The data section start

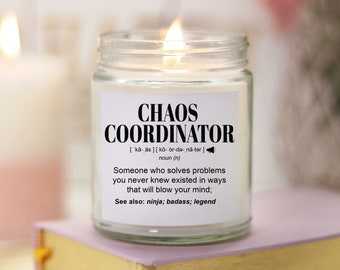 CHAOS COORDINATOR Geschenke l Lustiges Kerzengeschenk für Frauen und Männer l Wertschätzung, Geburtstag, Weihnachtsgeschenk l Handgegossene, Sojaduftkerze 9oz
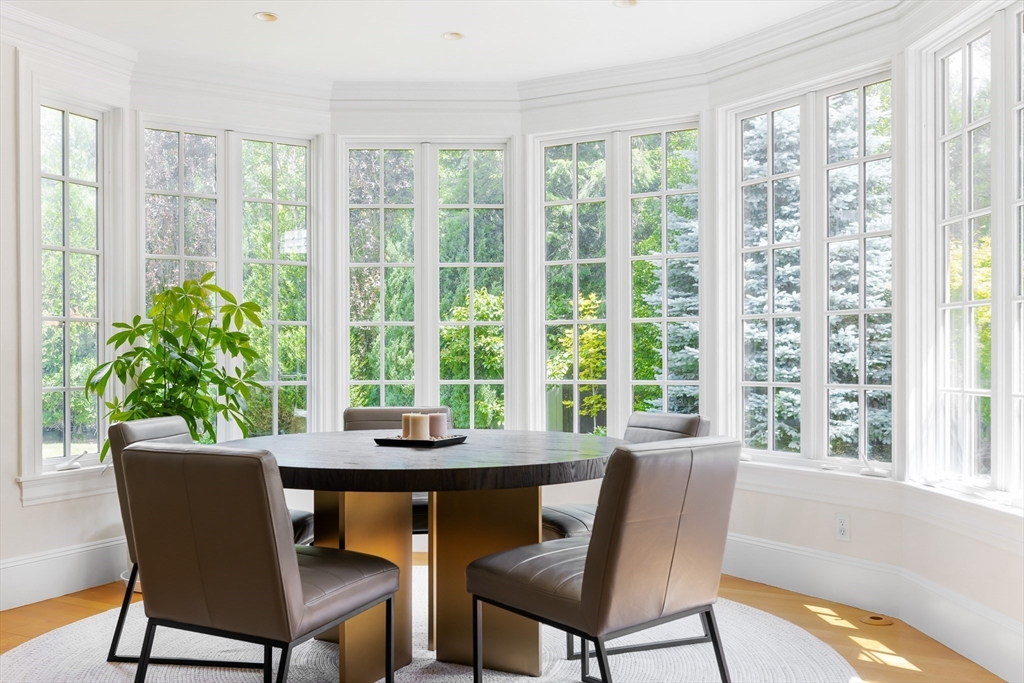 Newton, Massachusetts 02458, United States, 5 Bedrooms Bedrooms, ,6 BathroomsBathrooms,Residential,Active,167003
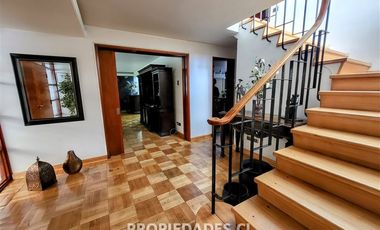 Casa en Venta en POCURO / RICARDO LYON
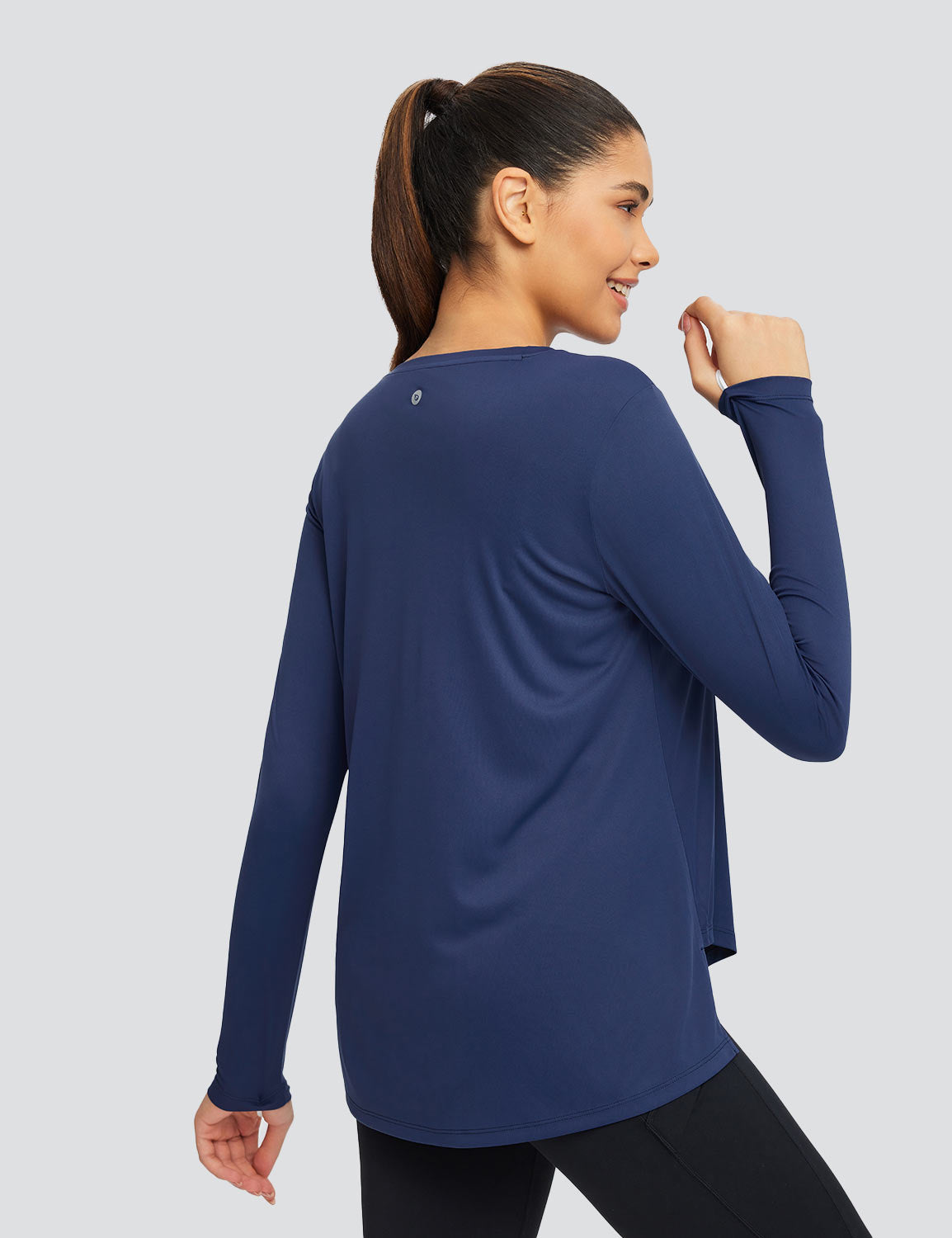 Navy blue loose crew neck long sleeve t-shirt with flowing hem for women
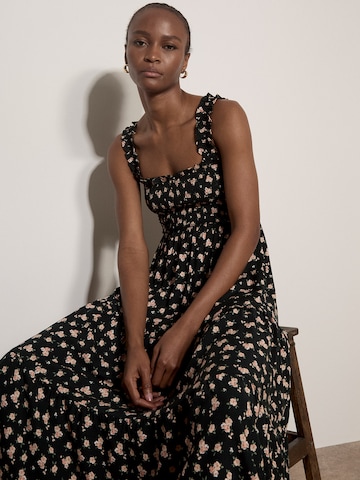 Apricot Dress ' ' in Orange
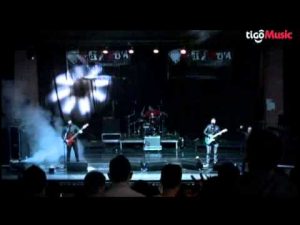 Thumbnail vídeo youtube: Mentiras - La Pestilencia en el Jingle Bell Rock 2013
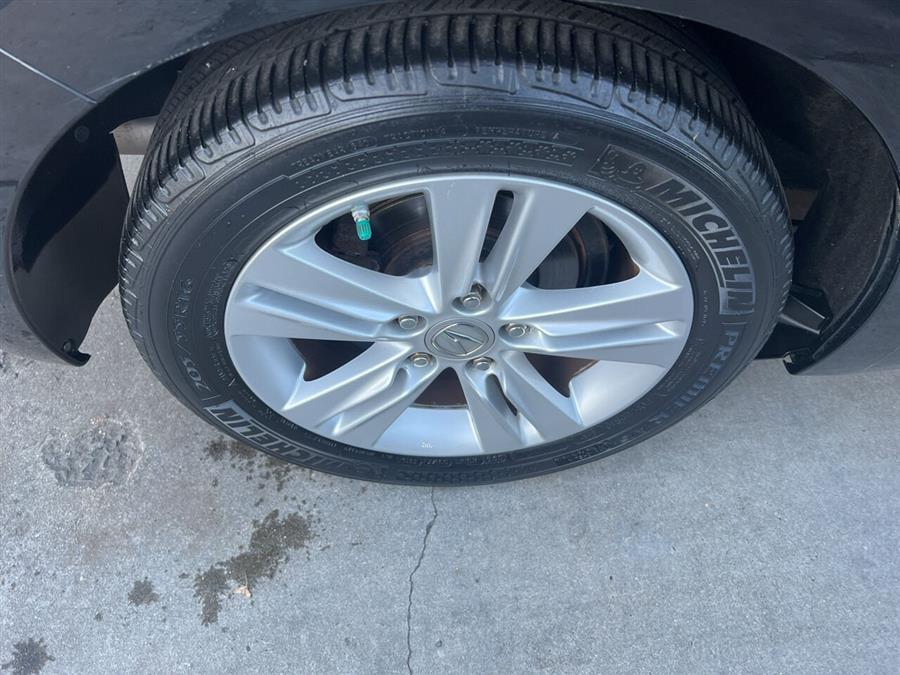 2013 Acura ILX 2.0L photo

The data section end

• Your goal
Print every line of the data exactly. Pictures do not belong in the copy.

• Task answer
 CHAOS COORDINATOR Geschenke l Lustiges Kerzengeschenk für Frauen und Männer l Wertschätzung, Geburtstag, Weihnachtsgeschenk l Handgegossene, Sojaduftkerze 9oz
 Newton, Massachusetts 02458, United States, 5 Bedrooms Bedrooms, ,6 BathroomsBathrooms,Residential,Active,167003
 Casa en Venta en POCURO / RICARDO LYON
 Navy blue loose crew neck long sleeve t-shirt with flowing hem for women
 Apricot Dress ' ' in Orange
 Thumbnail vídeo youtube: Mentiras - La Pestilencia en el Jingle Bell Rock 2013
 2013 Acura ILX 2.0L photo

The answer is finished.